You’ve Drummed A Long Way, Baby: Madame Gandhi’s Aim is To Beat Sexism – Literally

Few drummers ever leave the throne to take centre stage. But for Madame Gandhi, who’s kept time for both M.I.A. and Thievery Corporation, the urgency to find her own voice became so great that she needed to grab the mic herself.

Maybe you heard of Kiran Gandhi back in 2015. The musician was at the centre of a viral moment when she ran the London Marathon while “free bleeding” to address the stigmas surrounding women’s periods. After the crush of interview requests that resulted, she realized she had a lot of ideas on gender equality and she wanted to share them publicly. “That’s when I moved from the drums to the front,” she says.

Her debut EP, Voices, travels the borderlands between electroclash, trap, and downtempo. It delivers its activism in dance music. That’s the seduction, she says. “My dream is to get everyone partying to the sounds of feminism. I want people fucking to the noise of gender equality.”

When she met Toronto DJ Bambii on the bus ride to their show at Frankie’s Surf Club, Muskoka, presented by East Room last August, the pair connected and decided to collaborate on the fly. A little treat for those on hand: Bambii
DJed Madame Gandhi’s set while the emcee — dressed in radiant yellow like the morning sun she’s named after — hopped from the mic stand to the congas, then behind the drum kit to solo and back again. When Gandhi returns to Toronto at the end of September, she’s invited Bambii out once again.
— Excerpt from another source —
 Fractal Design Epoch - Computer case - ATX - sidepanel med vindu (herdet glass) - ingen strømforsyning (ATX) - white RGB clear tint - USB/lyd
That’s become part of her mission: to elevate and celebrate female voices. This fall, Madame Gandhi will release a Voices remix album, featuring what she calls some “pretty experimental” reworks of the EP tracks, recorded by five talented female artists: DJ Shiva, TT the Artist, Suzi Analogue, Gizzle, and Perera Elsewhere.
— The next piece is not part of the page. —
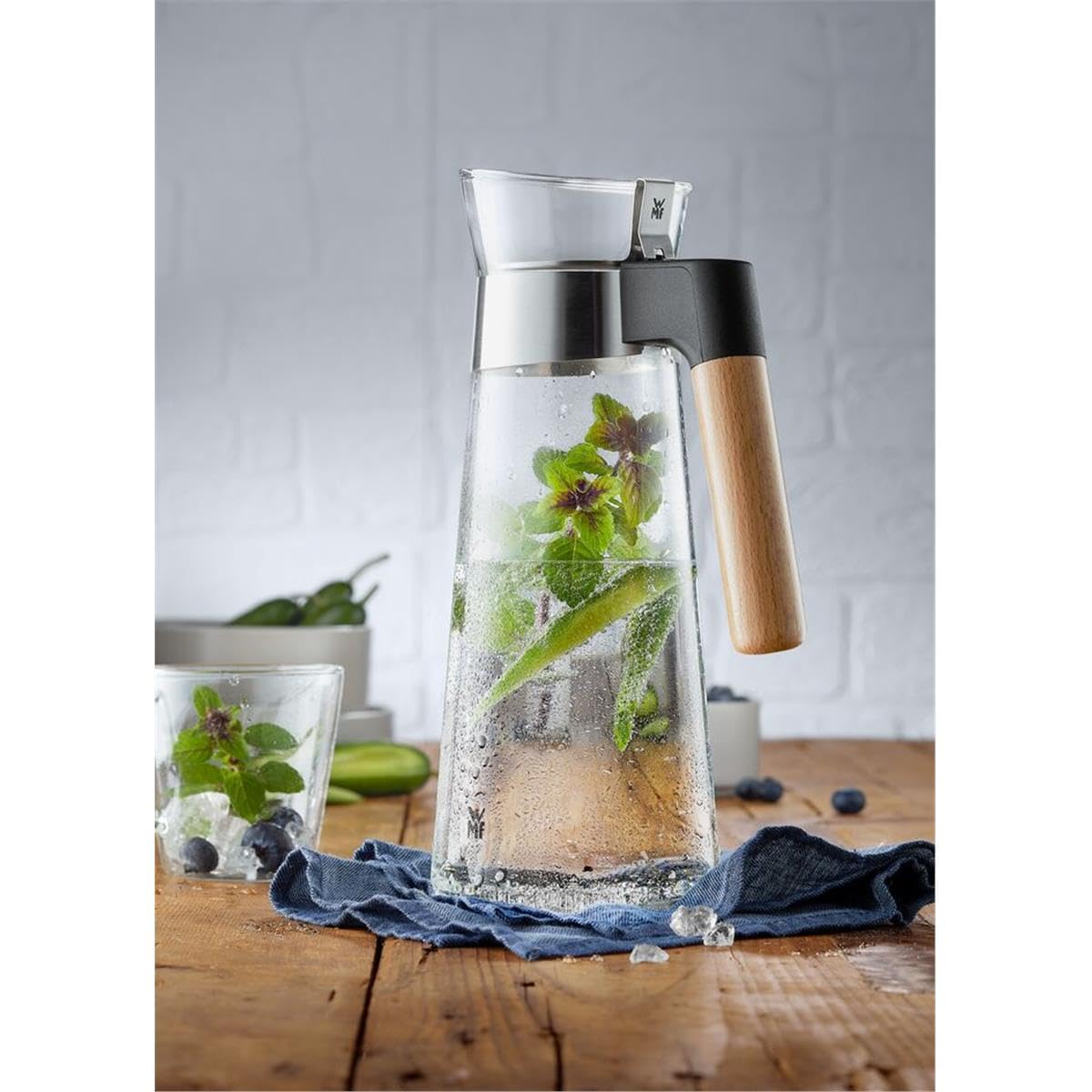 wmf-kineo-wasserkaraffe-1-liter-hitzebest-ndiges-glas-weite-ffnung-herausnehmbar image 6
For Gandhi, “the future is female” isn’t some slogan or platitude, it’s a guiding philosophy. “It’s about valuing femininity as much as we value masculinity,” she says. It’s about giving more than taking, collaboration instead of competition. “‘The future is female,’ to me, is about looking to the female archetype for inspiration, for new leadership, but also for our survival.”

Leave it to a drummer to voice the resistance. They’re disruptive and loud, but it’s also the drums that establish the rhythm. It’s the drummer we all dance to.